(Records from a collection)
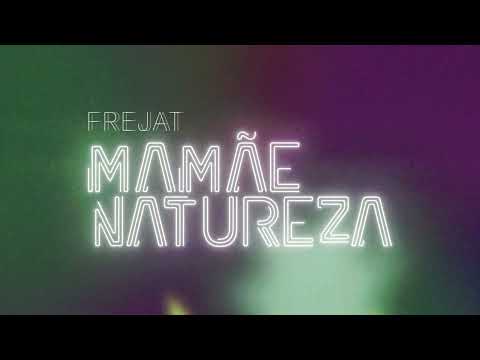 Mamãe Natureza - Rita Lee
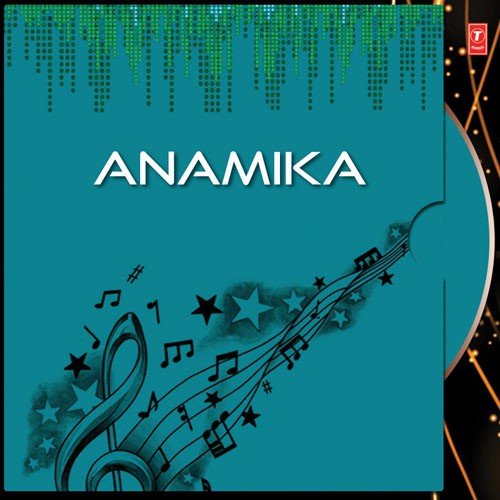 Anamika by Indranil Sen - Download on PagalFree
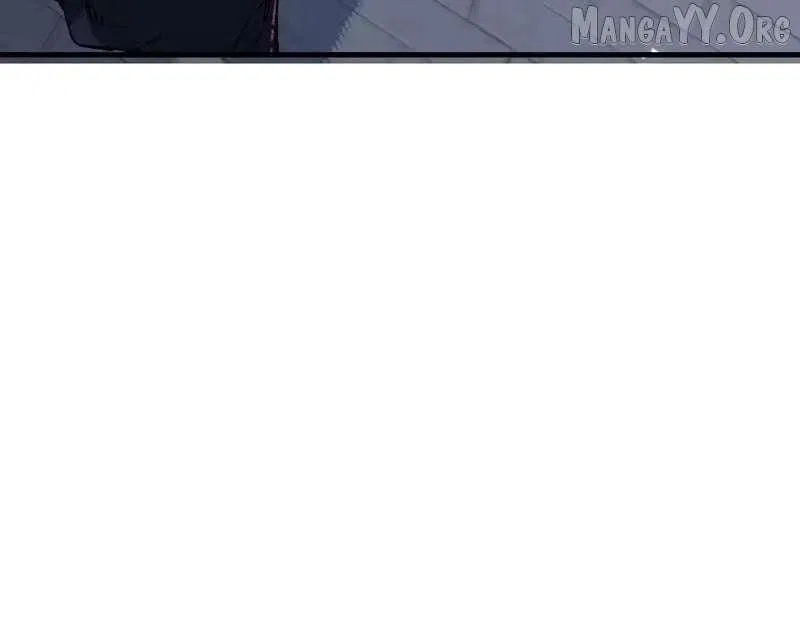 Master: This Villainous Disciple Is Not The Holy Child Chapter 176 – Page 68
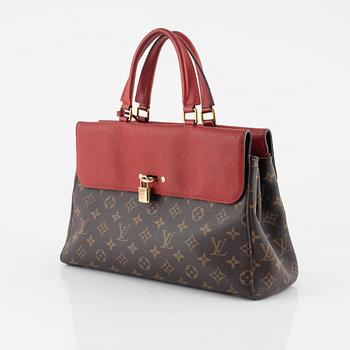 Louis Vuitton, bag, "Venus", 2016.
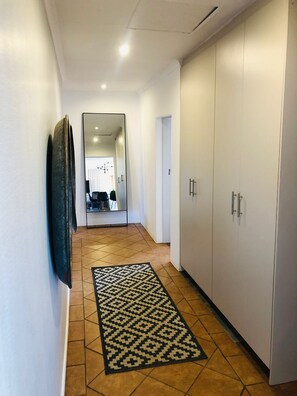 Interior - Cipresso guesthouse in Bashewa (Bashewa)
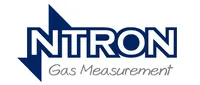 Ntron Gas Measurement Ltd.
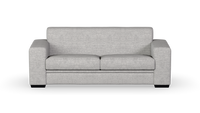 Amber - 3 Seater - Fully Upholstered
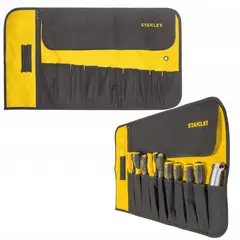 STANLEY - Bolso Enrollable 1-93-601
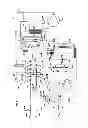 Fig. 03 - SERVICING DEVICE FOR VEHICLE AIR-CONDITIONING SYSTEMS AND METHOD FOR OPERATING SAID DEVICE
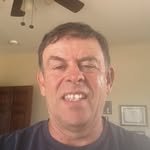 chrismontoya.contentcreator profile picture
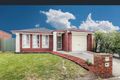 Property photo of 13 Houndsforth Street Cranbourne East VIC 3977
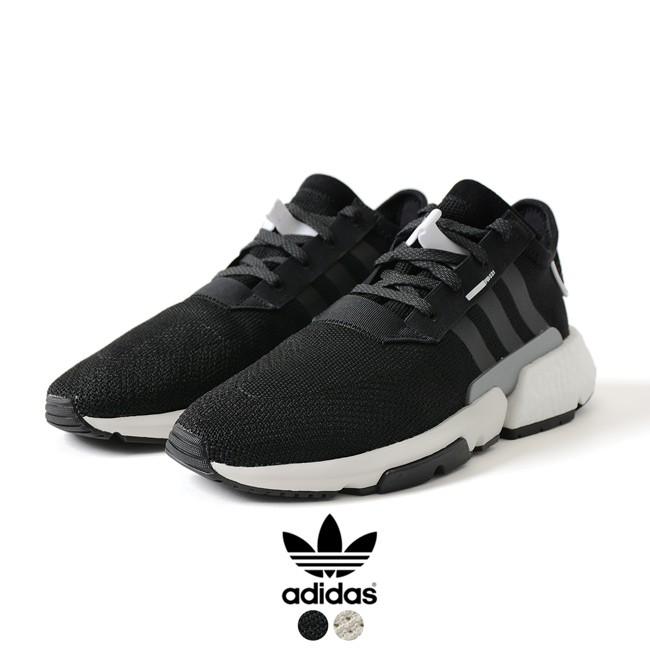 アディダスオリジナルス adidas Originals POD-S3.1 W POD-S3.1 W スニーカー ・BD7737・CG6188・CG6183 送料無料 :adida-pod-s3-1:Crouka - 通販 Yahoo!ショッピング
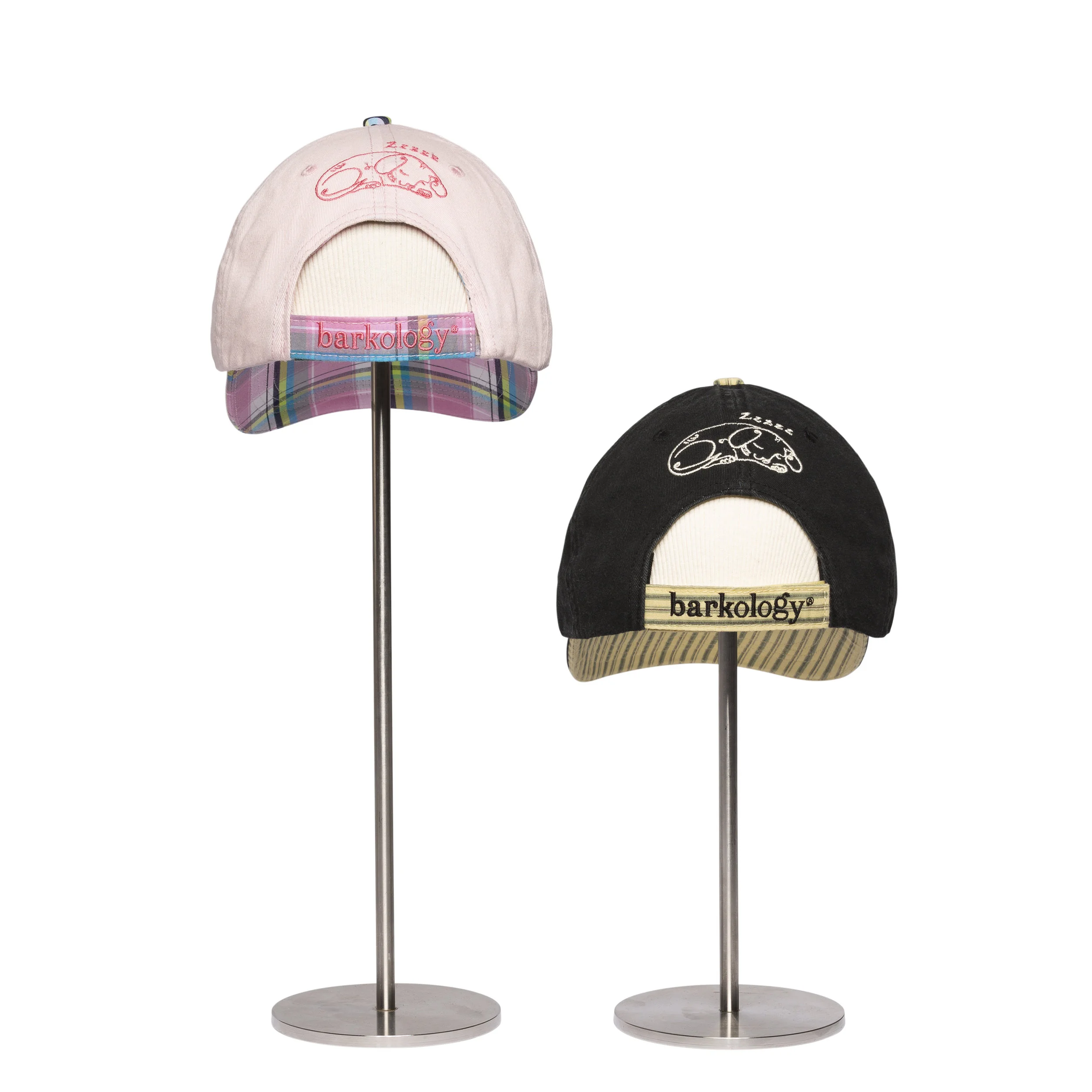 Sleeps-Back-Pink-Black-HR.jpg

■ Your instructions ■
Copy exactly, and copy nothing else: the lines from the one containing "Property photo of" through the end of the data, both ends included, with pictures left out.

■ Task result ■
 Property photo of 13 Houndsforth Street Cranbourne East VIC 3977
 アディダスオリジナルス adidas Originals POD-S3.1 W POD-S3.1 W スニーカー ・BD7737・CG6188・CG6183 送料無料 :adida-pod-s3-1:Crouka - 通販 Yahoo!ショッピング
 Sleeps-Back-Pink-Black-HR.jpg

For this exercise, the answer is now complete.